James IV of Scotland (reigning from 1488 to 1513), ascended to the throne after the death of his father, from a rebellion which he indirectly played a part in - feeling guilt, he wore a heavy iron chain cilice every Lent for the rest of his life as penance. He was said to have been an effective ruler, but was defeated and killed in the Battle of Flodden against the English, the last monarch from the British Isles to be killed in battle. There are a number of legends surrounding the king's death and his final resting place.

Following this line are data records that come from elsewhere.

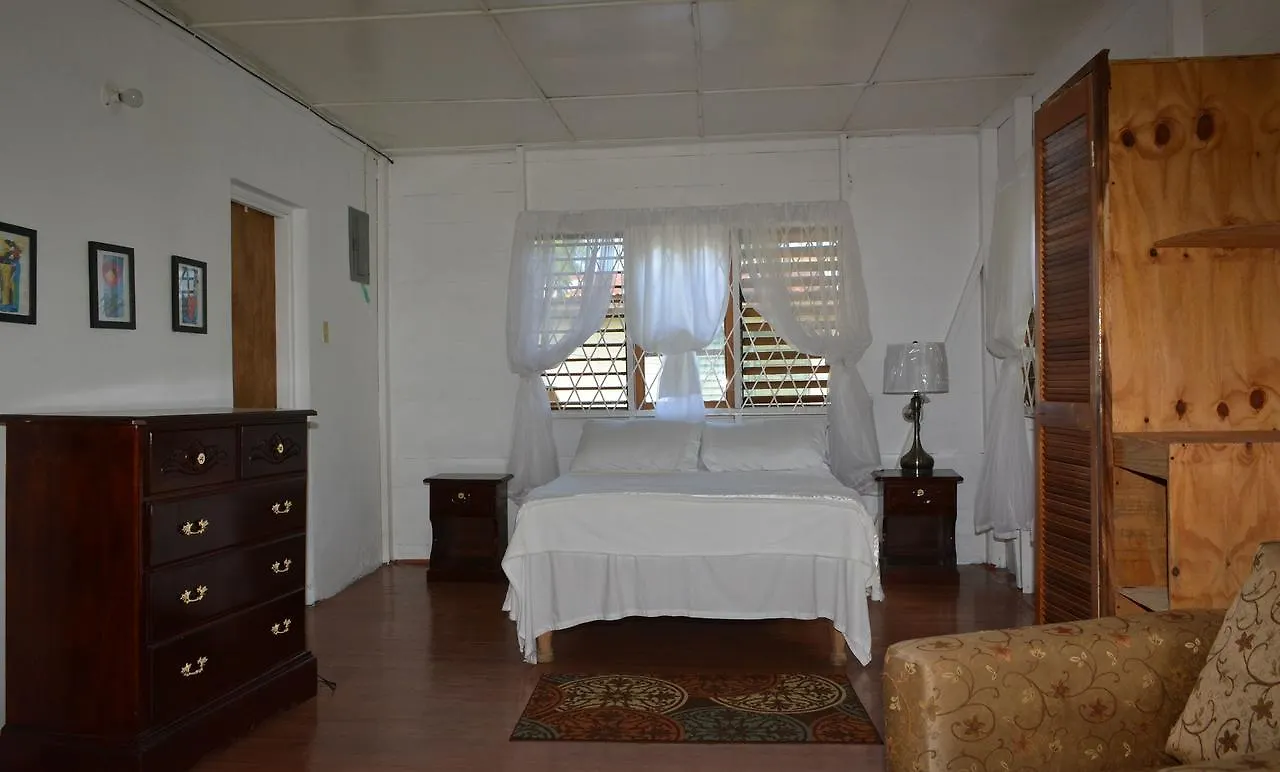 Cozy Coco Guest House Negril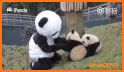 Baby Panda's Dream Job related image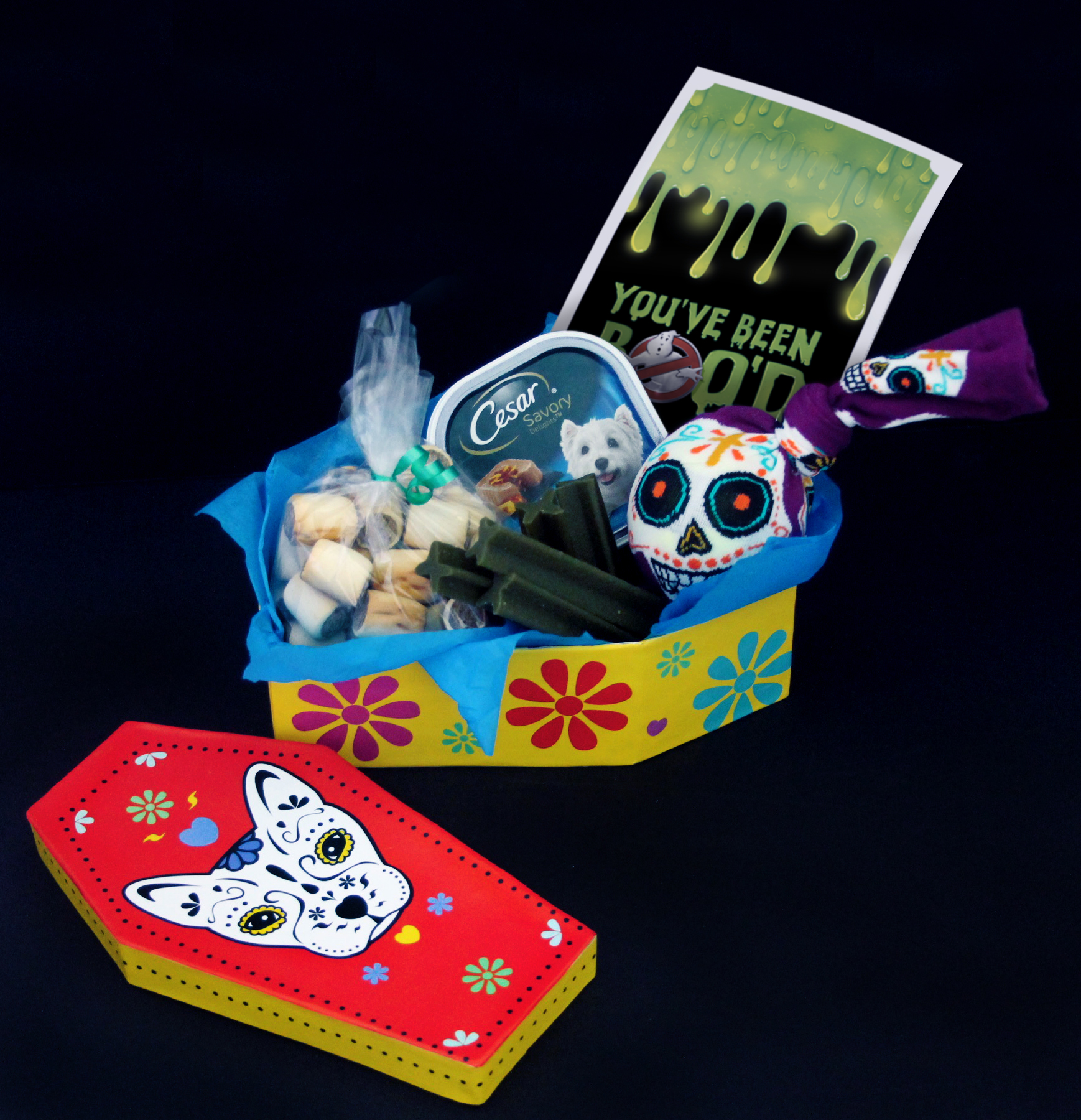 day of dead coffin gift box with dog treats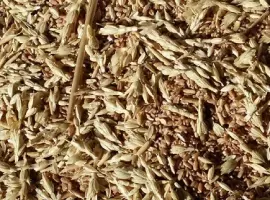 Зображення для оголошення Куплю отходы кукурузы, пшеницы, сои, подсолнечника, ячменя, проса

Edward I of England (reigning from 1272 to 1307), also known as the Hammer of the Scots, was invited to arbitrate a successional dispute to the Scottish throne and subsequently claimed suzerainty over Scotland, leading to the First War of Scottish Independence. In Edward's initial invasion in 1296, the Stone of Scone was taken as spoils of war, being fitted into a wooden chair in Westminster Abbey (King Edward's Chair) which was used for the future coronations of English (and later British) sovereigns.
Similar to the Toaru series version mentioned here, the real-life Anna Kingsford was an acquaintance and influence on both Samuel Liddell MacGregor Mathers and William Wynn Westcott, having given lectures at the Hermetic Society which the two had attended before the foundation of the Golden Dawn. Dying in 1888, she was thought to be a possible inspiration for Anna Sprengel - they shared the same magical motto; Sapiens Dominabitur Astris ("the wise person shall be ruled by the stars").
Ellic Howe was an author who wrote several books on occultism and the Golden Dawn, as well as military history, typography and bookmaking.